*** Source material ***
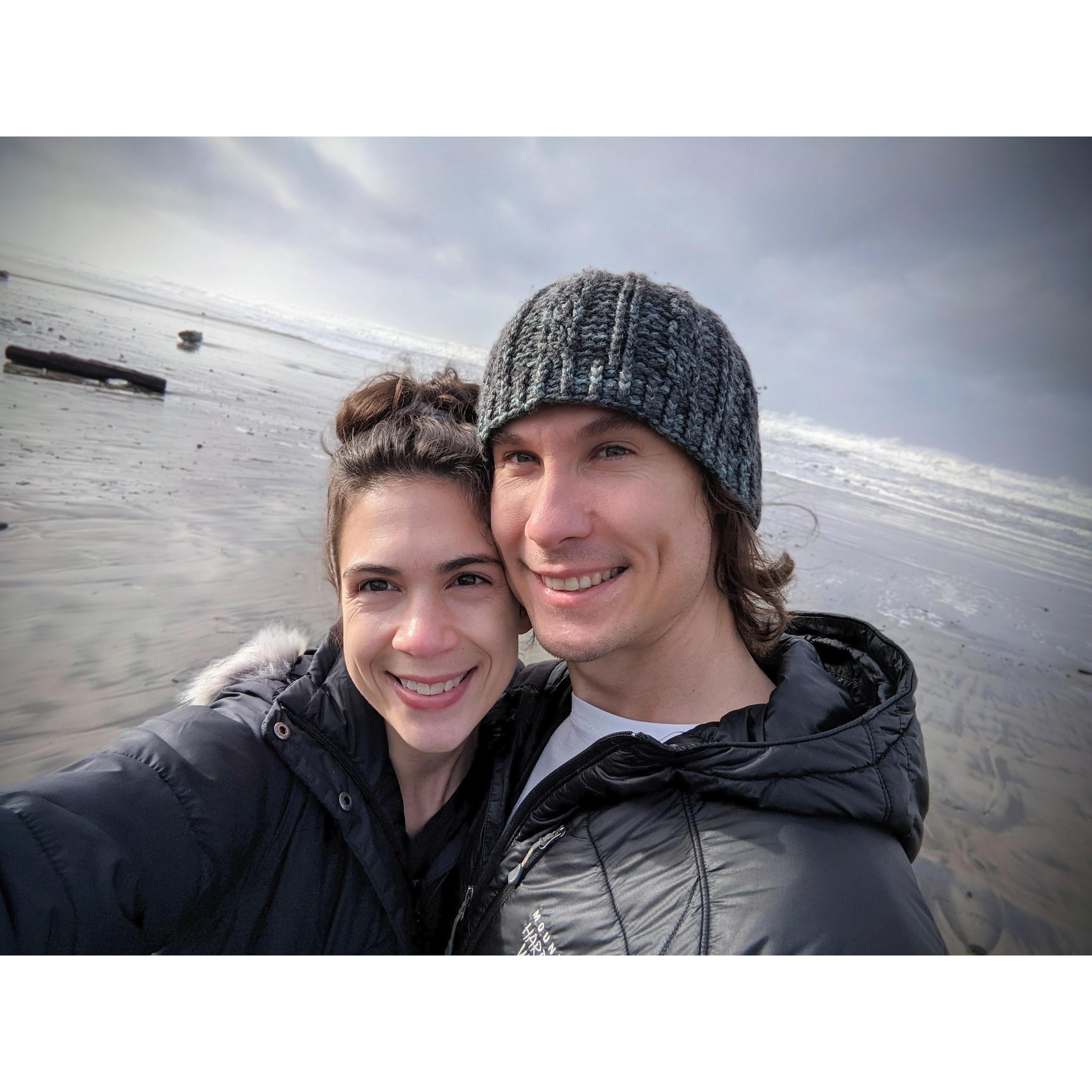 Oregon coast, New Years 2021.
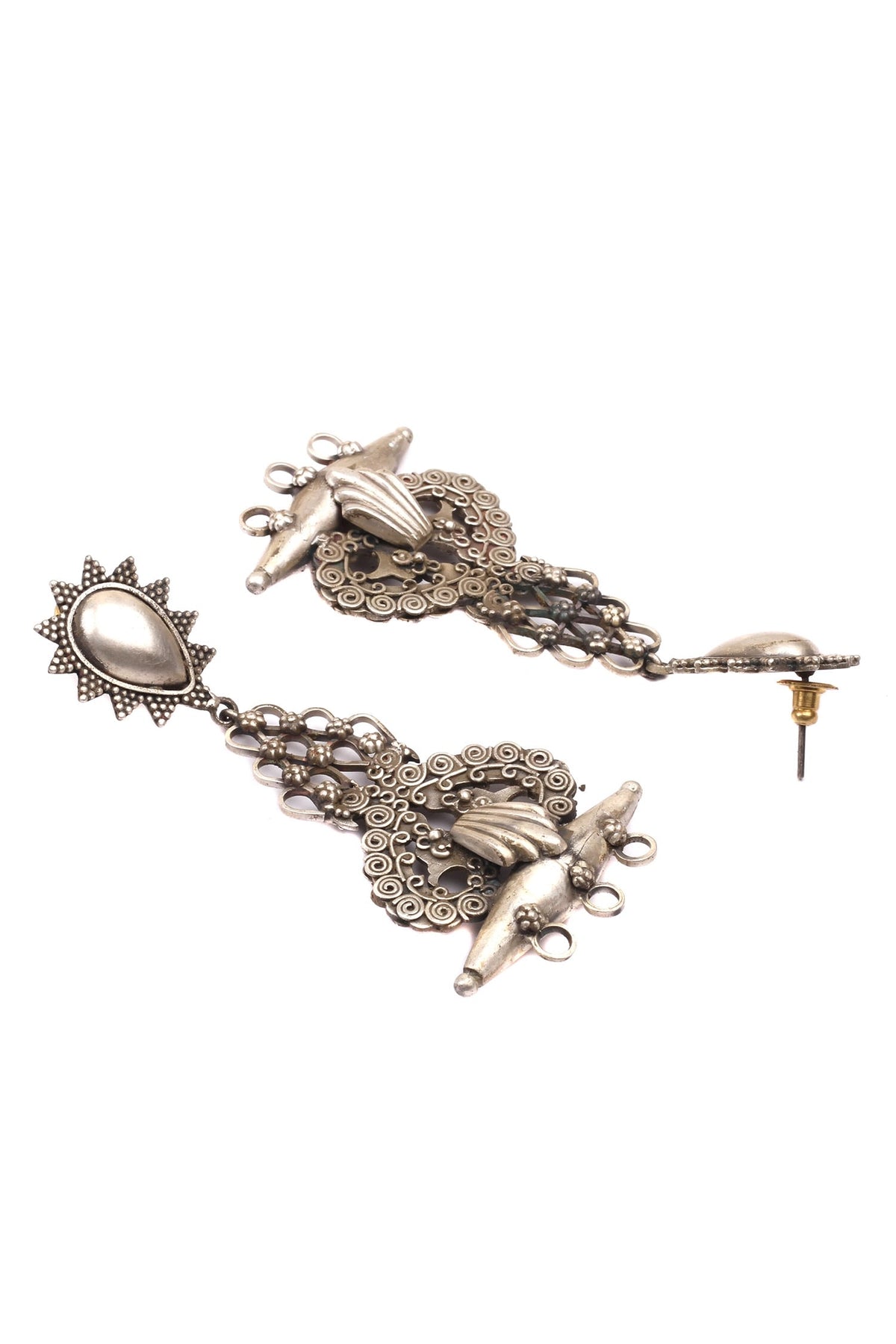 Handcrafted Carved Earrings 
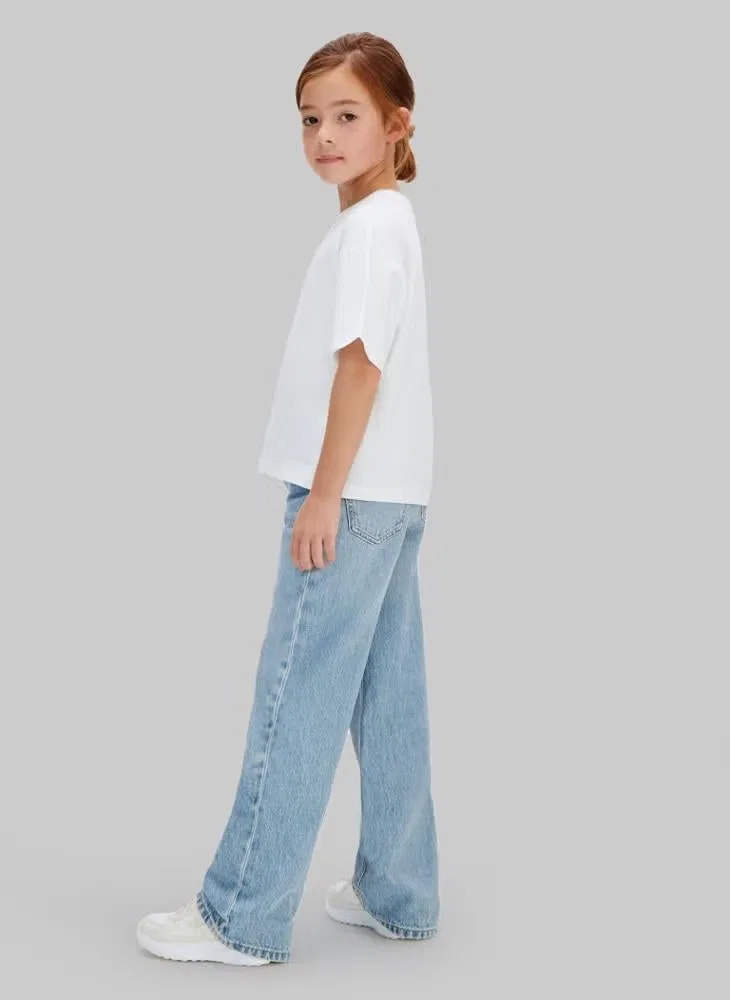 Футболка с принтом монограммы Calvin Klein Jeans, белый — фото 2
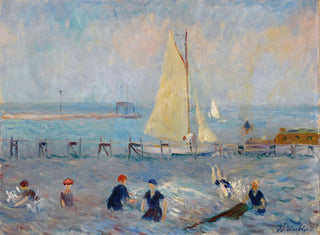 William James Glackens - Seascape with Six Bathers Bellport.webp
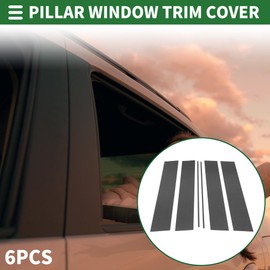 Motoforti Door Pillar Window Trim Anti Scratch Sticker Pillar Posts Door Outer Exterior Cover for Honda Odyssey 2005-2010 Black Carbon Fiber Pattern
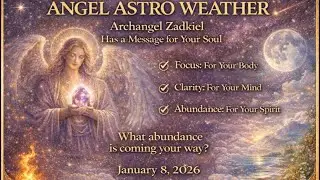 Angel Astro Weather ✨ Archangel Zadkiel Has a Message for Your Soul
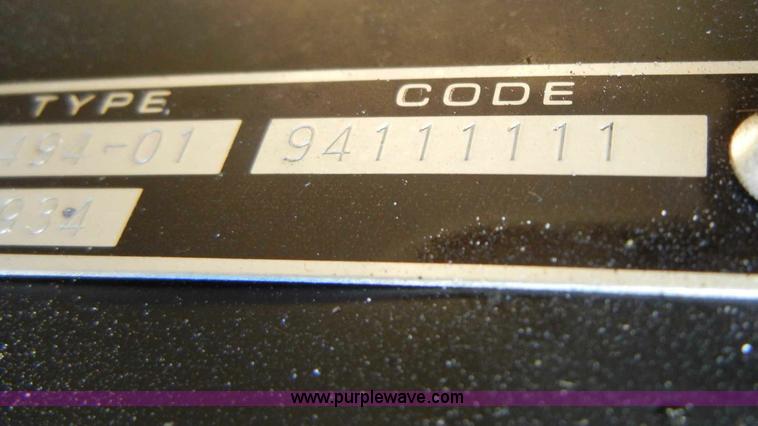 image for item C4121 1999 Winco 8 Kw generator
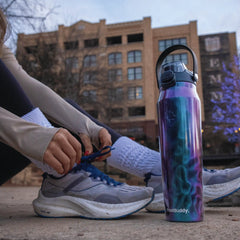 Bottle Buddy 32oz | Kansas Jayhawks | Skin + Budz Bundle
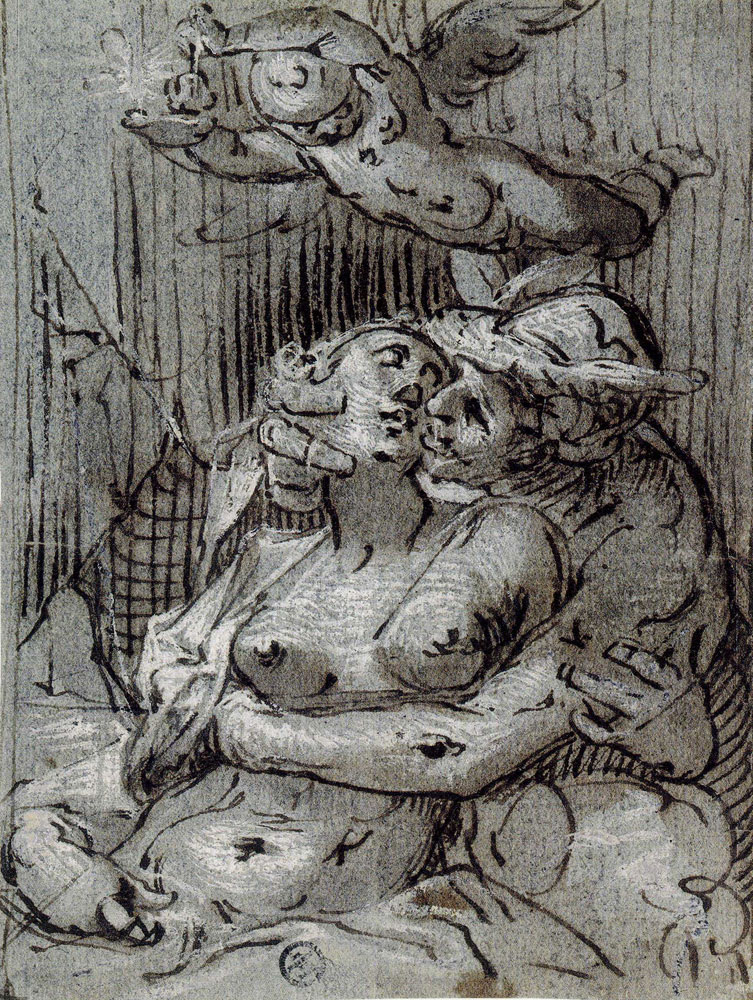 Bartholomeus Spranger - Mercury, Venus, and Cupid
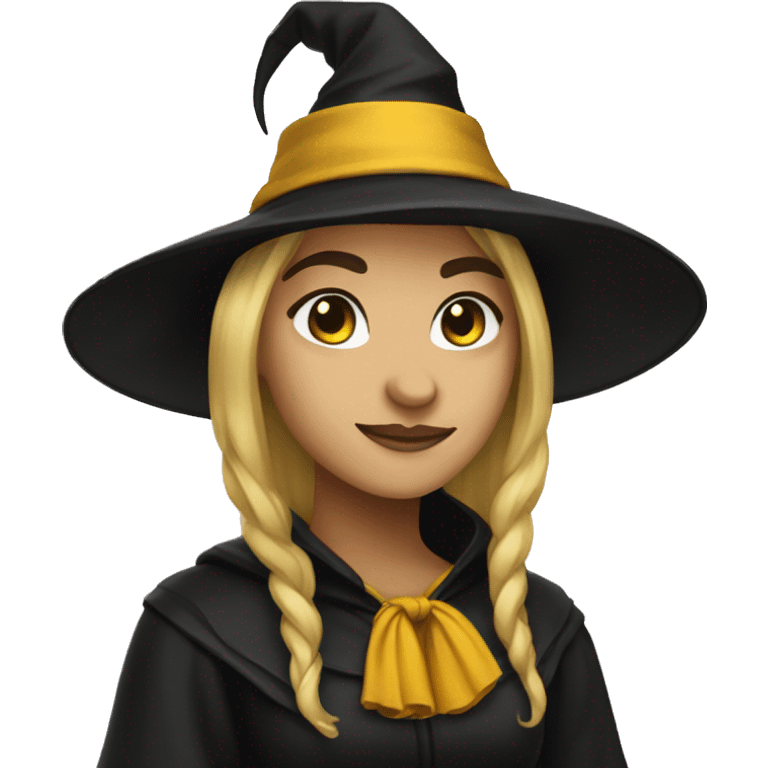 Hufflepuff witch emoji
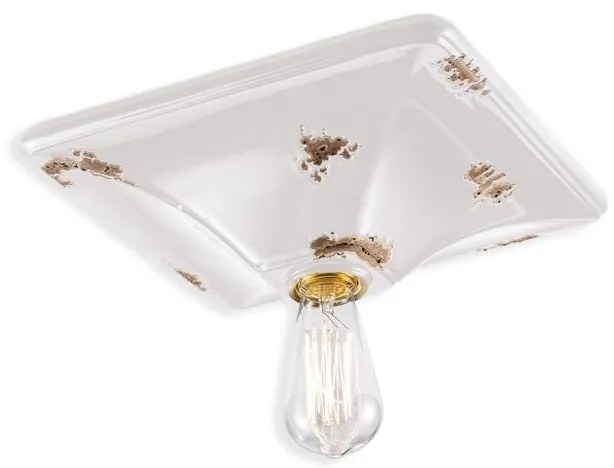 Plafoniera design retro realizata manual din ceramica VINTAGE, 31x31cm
*** End of Source material ***
* _Instructions for the task_
An acceptable answer consists of the lines above from the one holding "Motoforti Door Pillar" to the end of the data, repeated exactly and containing no pictures.

* _Answer space_
 Motoforti Door Pillar Window Trim Anti Scratch Sticker Pillar Posts Door Outer Exterior Cover for Honda Odyssey 2005-2010 Black Carbon Fiber Pattern
 Angel Astro Weather ✨ Archangel Zadkiel Has a Message for Your Soul
 image for item C4121 1999 Winco 8 Kw generator
 Bottle Buddy 32oz | Kansas Jayhawks | Skin + Budz Bundle
 Bartholomeus Spranger - Mercury, Venus, and Cupid
 Hufflepuff witch emoji
 Plafoniera design retro realizata manual din ceramica VINTAGE, 31x31cm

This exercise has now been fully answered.